JAKARTA, KOMPAS.com - Putusan Mahkamah Konstitusi yang menentukan penetapan tersangka sebagai objek praperadilan dikhawatirkan akan menambah beban hakim di tingkat pengadilan negeri. Untuk mengantisipasi hal tersebut, pemerintah didesak untuk mempercepat pembahasan rancangan Kitab Undang-Undang Hukum Acara Pidana (KUHAP).

"Kalau dalam bahasa saya, praperadilan jadi pengadilan keempat. Praperadilan yang bisa memeriksa pokok perkara dan menguji alat bukti, membuat proses peradilan pidana jadi lebih panjang," ujar Ketua Pusat Bantuan Hukum Perhimpunan Advokat Indonesia, Rivai Kusumanegara, dalam diskusi di kawasan Cikini, Jakarta, Jumat (8/5/2015).

Menurut Rivai, KUHAP yang masih digunakan saat ini sudah tidak lagi relevan dengan kebutuhan sistem acara pidana di persidangan. Menurut dia, putusan MK dalam satu sisi dapat disebut sebagai suatu terobosan hukum.

Namun, karena putusan tersebut hanya parsial, dikhawatirkan malah mengganggu sistem yang sudah dibangun.
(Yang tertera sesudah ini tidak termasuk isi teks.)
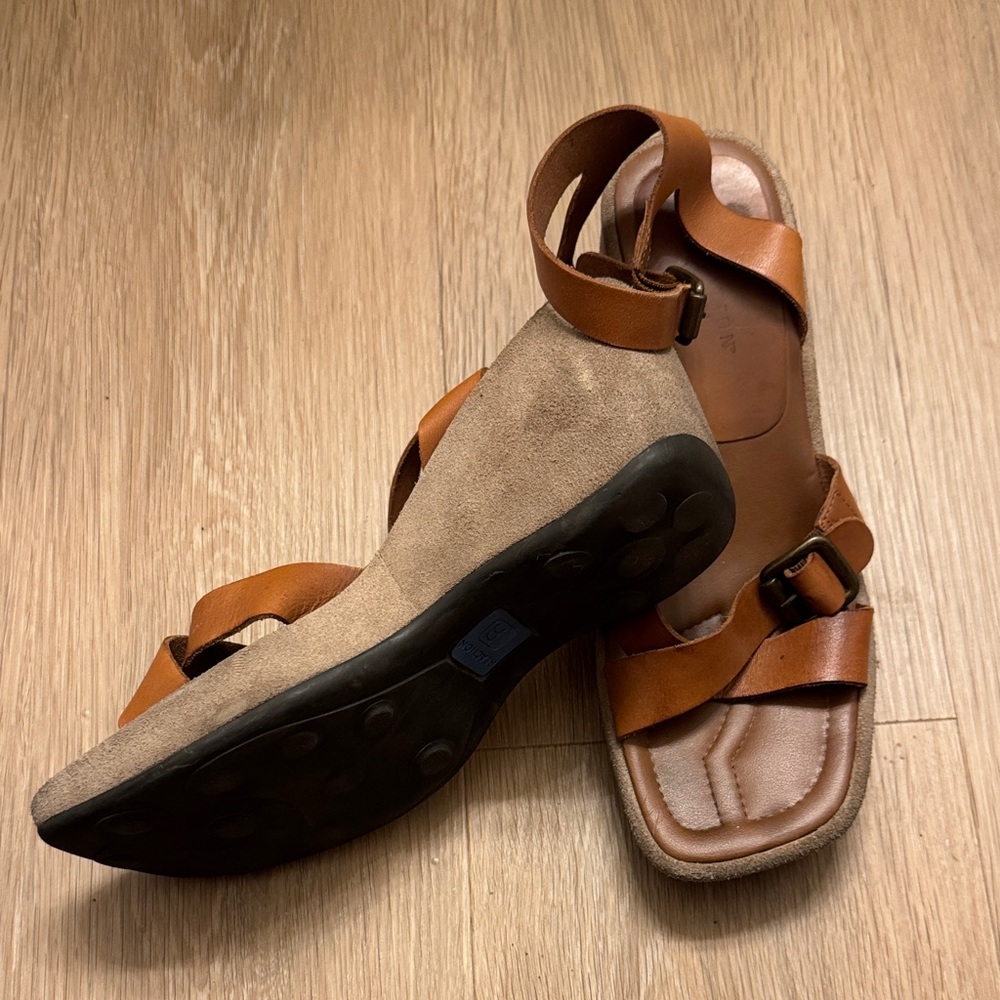Kenneth Cole Reaction ‘Bell Bottom’ Leather Wedges - Made in Brazil Size 8.5 - Picture 2 of 12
Dengan putusan tersebut, siapa saja yang ditetapkan sebagai tersangka, dapat menguji penetapannya melalui pengadilan.

Selain membebani pengadilan, banyaknya gugatan praperadilan juga dinilai akan mengganggu konsentrasi penyidik dalam menuntaskan kasus-kasus pidana. Selain itu, menurut Rivai, praperadilan saat ini belum menyentuh upaya paksa, seperti pencekalan. Akibatnya, praperadilan seringkali merugikan si pencari keadilan.

"Kalau saya pribadi, saya percaya pada perbaikan sistem. Hukum acara pidana jelas harus dibenahi. Dengan sistem yang baik, proses peradilan juga akan berjalan baik," kata Rivai.